▶ _Dataset_:

☆ ☆ ☆

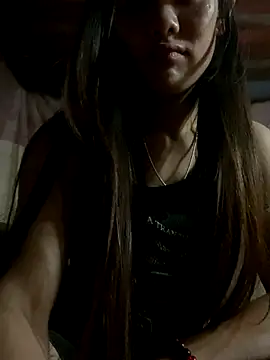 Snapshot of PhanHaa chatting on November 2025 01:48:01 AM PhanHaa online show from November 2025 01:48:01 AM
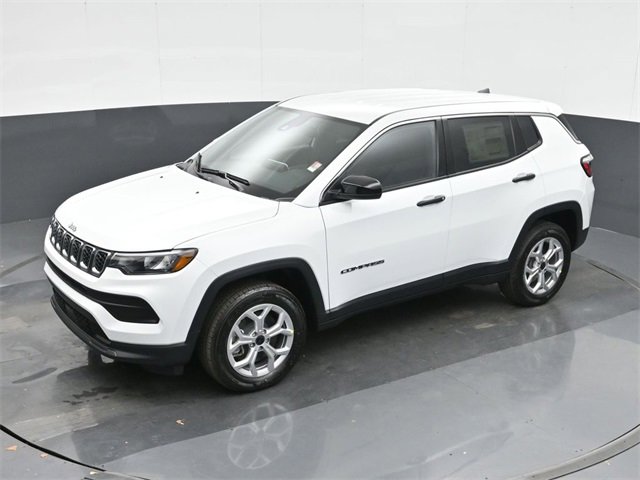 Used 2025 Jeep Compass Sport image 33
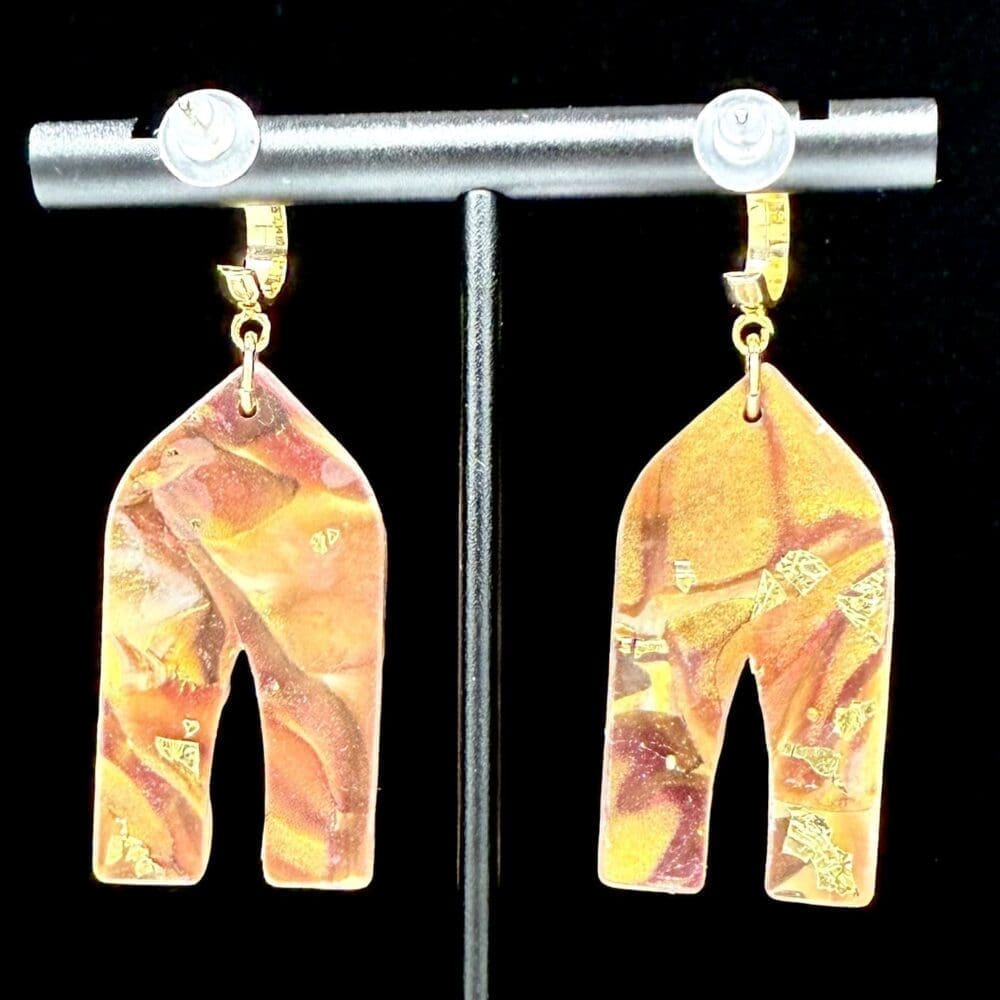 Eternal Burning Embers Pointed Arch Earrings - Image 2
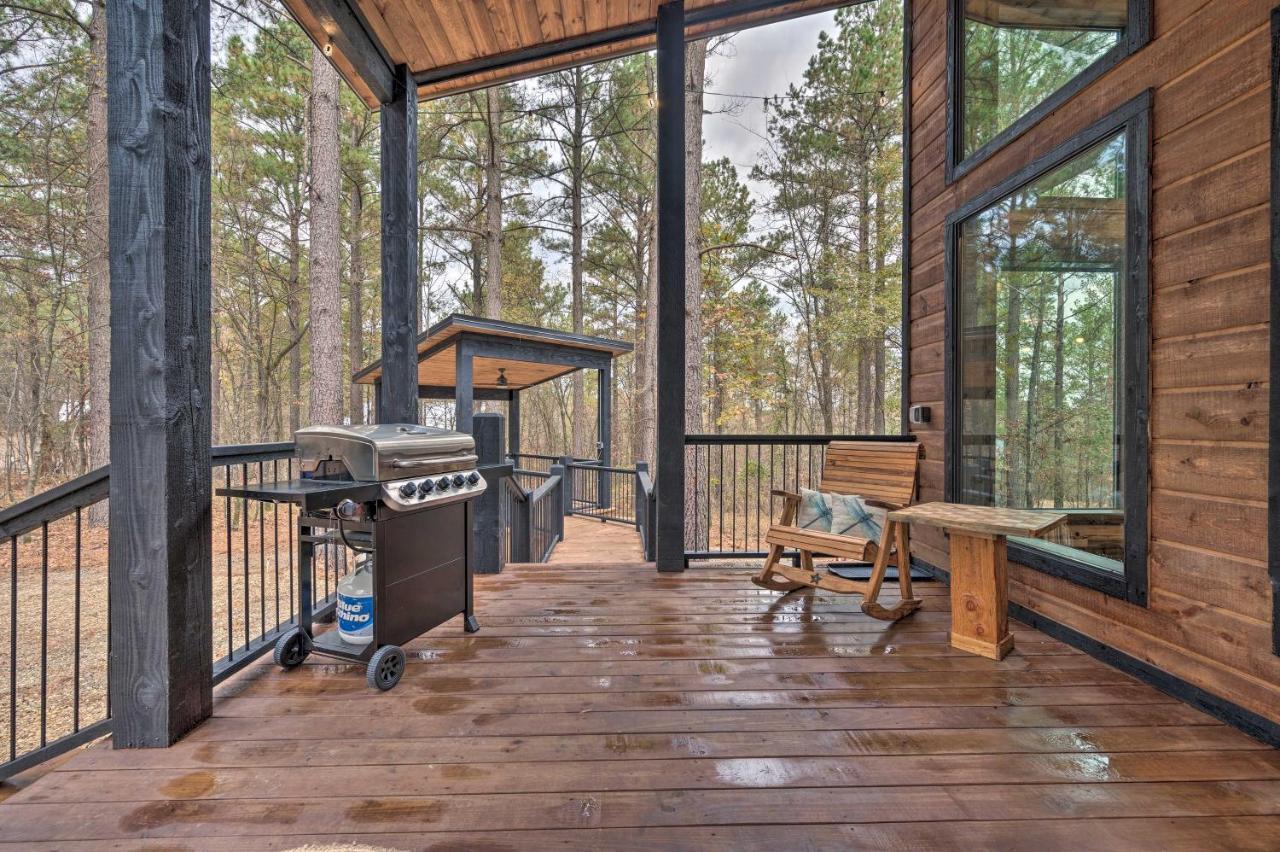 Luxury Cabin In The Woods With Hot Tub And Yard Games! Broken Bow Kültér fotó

☆ ☆ ☆

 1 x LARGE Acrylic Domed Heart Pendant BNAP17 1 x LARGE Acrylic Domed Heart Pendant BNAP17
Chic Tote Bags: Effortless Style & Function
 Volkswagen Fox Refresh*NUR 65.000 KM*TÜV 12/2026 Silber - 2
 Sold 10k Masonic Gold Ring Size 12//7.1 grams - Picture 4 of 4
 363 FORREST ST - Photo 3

☆ ☆ ☆

▶ _Problem details_:
Among the lines above, the one with "Snapshot of PhanHaa" opens the part to repeat and the one with "Luxury Cabin In" closes it; repeat only that part exactly, with no pictures.

▶ _Solution below_:
 Snapshot of PhanHaa chatting on November 2025 01:48:01 AM PhanHaa online show from November 2025 01:48:01 AM
 Used 2025 Jeep Compass Sport image 33
 Eternal Burning Embers Pointed Arch Earrings - Image 2
 Luxury Cabin In The Woods With Hot Tub And Yard Games! Broken Bow Kültér fotó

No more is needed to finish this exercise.